Cinema is often approached as storytelling — plot, character, conflict, resolution. But its deeper influence lies elsewhere. It shapes what becomes visible to us, and equally, what remains unseen.
A film does not only narrate events. It frames reality. It decides where attention should rest, what should be emphasised, and what should be left in the background.
What a narrative highlights becomes reality for the viewer. What it omits quietly disappears.
Reading beyond the surface
In works like Dhurandhar, the interest is not limited to what happens in the story, but how the story positions the viewer. What is made central? What is treated as peripheral? What emotional alignment is expected?

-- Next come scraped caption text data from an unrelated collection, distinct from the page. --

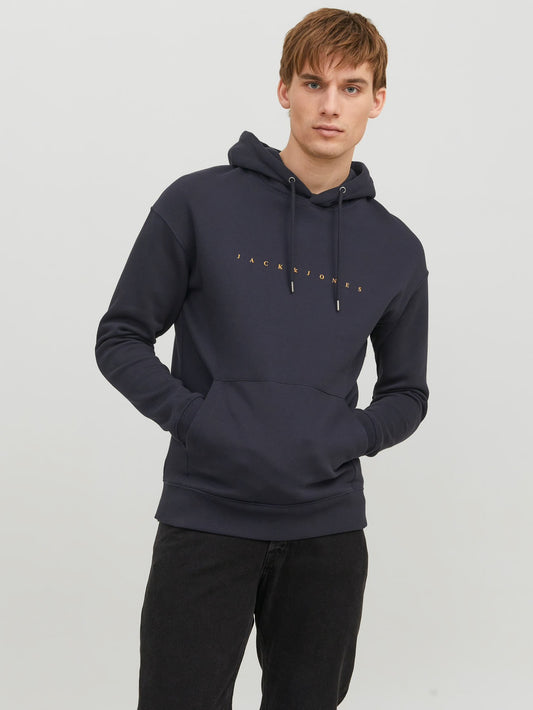 FELPA CON CAPPUCCIO CON LOGO JACK&JONES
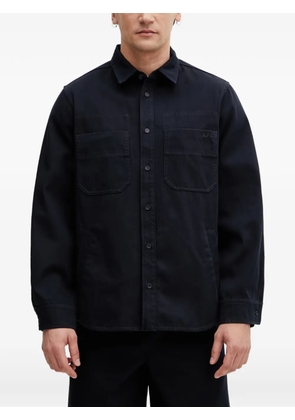 A.P.C. Noah logo-embroidered chest-pockets shirt jacket - Blue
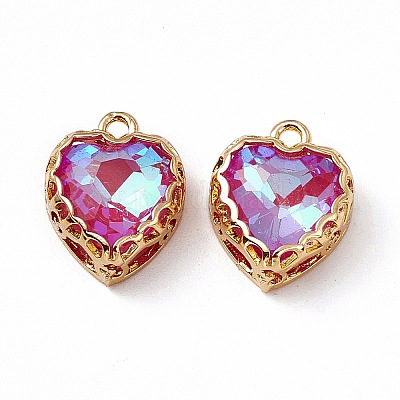 Сердце k9 стеклянные подвески GLAA-A005-37G-1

These choices are rarely accidental. They are part of how narrative power operates — not by forcing conclusions, but by guiding perception.
Attention as direction
The viewer often believes they are freely interpreting a story. But in reality, attention has already been directed. Music, framing, pacing, and dialogue subtly instruct the viewer where to look and how to feel.
Over time, this shapes not just how stories are consumed, but how reality itself is interpreted.
Why this matters
To engage with media seriously is to move beyond passive consumption. It requires asking not only “what is being shown,” but “why this, and not something else.”
Drishvara approaches media not as entertainment alone, but as a system of influence — one that participates in shaping collective perception.
To read narrative carefully is to reclaim attention from automatic alignment, and return it to conscious observation.